Reduce Buffer Size and Operate Neighboring Groups More Nearly In-Synch
 Alternatively, the buffer zones may be significantly reduced in width if neighboring groups are only slightly out-of-synch. In this concept, the total portion of time in which two neighboring groups are in-synch is substantial, that is, more than 50% of the time (or more than 30%, more than 40%, more than 60%, or more than 70% of the time). These values could equally be applied on a fluid flow mass basis. Two wells or two groups are said to be "in-synch" if they are undergoing the same flow operation, where a flow operation is injection, production, soaking, or idling. A particularly advantageous way to define well groups is to define a row of horizontal wells as a group. FIG. 2 illustrates the concept of synchronization for individual wells, but the concept is also applicable to groups of wells.
 This is somewhat similar to the "megarow strategy" employed for cyclic steam stimulation (CSS) at Cold Lake, Alberta, Canada (see Society of Petroleum Engineering (SPE), Reference No. 25794). However, this approach still leads to significant communication between groups of wells and inefficient use of steam (or solvent) late in the field life. The "megarow strategy" as used for CSS is not directly translatable to CSDRPs since it is for rows of vertical wells and the preferred mode of operation for CSDRP wells uses relatively horizontal wells.
Orient Wells with Respect to Geologic Considerations
 The geological stress state can impact the growth of the viscous fingers that may connect wells. To retard lateral finger growth, wells may be oriented along the maximum horizontal stress direction within the reservoir. As a result, the fluid pressure within a lateral finger must work against the maximum horizontal stress (and the overburden stress) to open up more void space to further allow finger growth. Thus, the greater the horizontal stress, the more finger growth is retarded since the amount of energy expenditure required to grow a finger is greater. In contrast, if the well orientation is opposite to the preferred orientation, namely, aligned along the minimum horizontal stress direction, the fluid pressure within lateral fingers is working against the minimum horizontal stress and the overburden stress to open up more void space. By comparing these two well orientations, one can see that the preferred well orientation results in larger resistance for opening up the void space in lateral fingers, and hence delaying the communication among well groups.
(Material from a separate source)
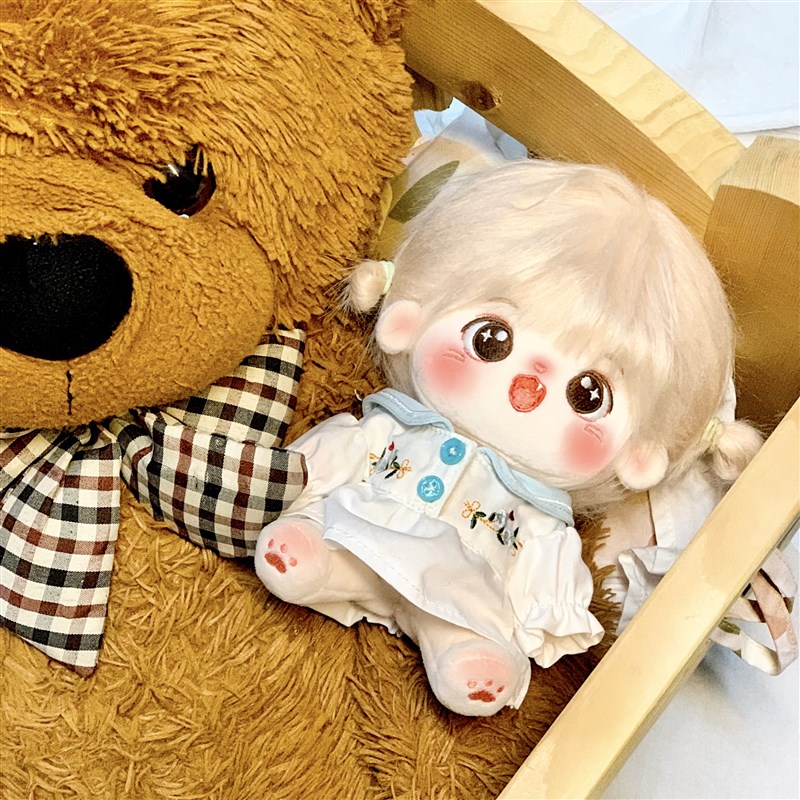 ?上新无属性棉花娃衣裙叽20CM/A10cm娃衣裙子胖胖体可穿单品包邮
 FIGS. 9A and 9B show the orientation of a well (90) in relation to the geologic stress state. The orientation retards finger growth, and, when combined with the well arrangement shown in FIG. 4, is a desired well layout for solvent-dominated processes with viscous fingering. In FIGS. 9A and 9B Shmax, and Shmin are the maximum (91) and minimum stress (92), respectively. A cross-sectional view of the lateral finger is shown in FIG. 9B. It shows that the stresses applied on the lateral finger (93) are Shmax and the overburden stress (94). This orientation with respect to the stress states is the preferred in situ stress combination and will result in maximum compressive loading to suppress finger growth. The solvent chamber (95) is also shown and denoted with a diagonal pattern.
Create Artificial Buffers Using Pressure Maintenance Wells
 Channeling may be minimized by separating out-of-synch well operations with buffer zones, synchronizing well operations, and/or careful placement with respect to the geological stress state. A further means of minimizing channeling, containing the injected solvent within a pattern of wells, and thereby improving field sweep is targeted conditioning of the reservoir stress state using pressure maintenance injection wells. This is accomplished by increasing reservoir pressure prior to and/or during operations where injection and production take place in adjacent wells.
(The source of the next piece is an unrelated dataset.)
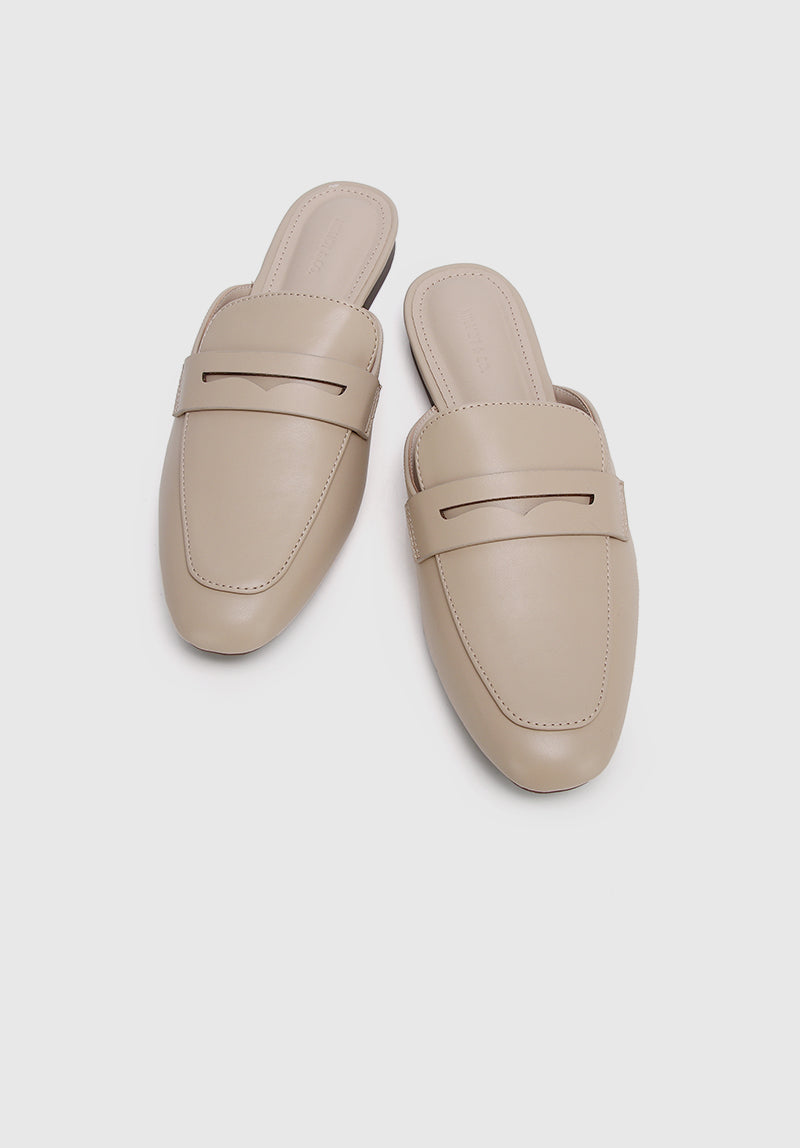 Christy Square Toe Loafers, Moccasins & Boat Shoes (Almond)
 FIG. 10A shows the channeling that may occur in the absence of a pressure buffer should two wells be undergoing opposite flow operations, namely one well on injection and another on production, while being separated by an insufficient buffer zone. The solvent (1011) fingers from the injector (1001) to the producer (1002). FIG. 10B illustrates the use of a pressure maintenance injector well to minimize channeling within a group of five wells. FIG. 10B shows a well arrangement that is the same as FIG. 10A, except that an additional injector well (1004) is present. In the FIG. 10B the well is shown as a new well, which may be purposefully drilled, in this case midway between the two groups, but that need not be the case. The FIG. 10B also shows the injectant (1006), typically water. Alternatively, a particular well(s) within the existing group may be specifically designated to provide a pressure buffer. The purpose of the pressure maintenance wells is to condition reservoir stress. The fluid injection causes a localized increase in reservoir pressure. The pressure increase results in increased compressive loading of the formation, thereby suppressing finger growth from adjacent solvent injection wells. The buffer well injection pressure should not exceed the fracture pressure of the formation. The use of a non-solvent (for example, water) for injection minimizes pressure leak off to the formation when the injection is halted because the non-solvent is not miscible with the oil or hydrocarbon solvent. This lack of miscibility assists in the ability to hold the targeted pressure increase for the required duration. Non-solvents such as water are also typically cheaper than solvents.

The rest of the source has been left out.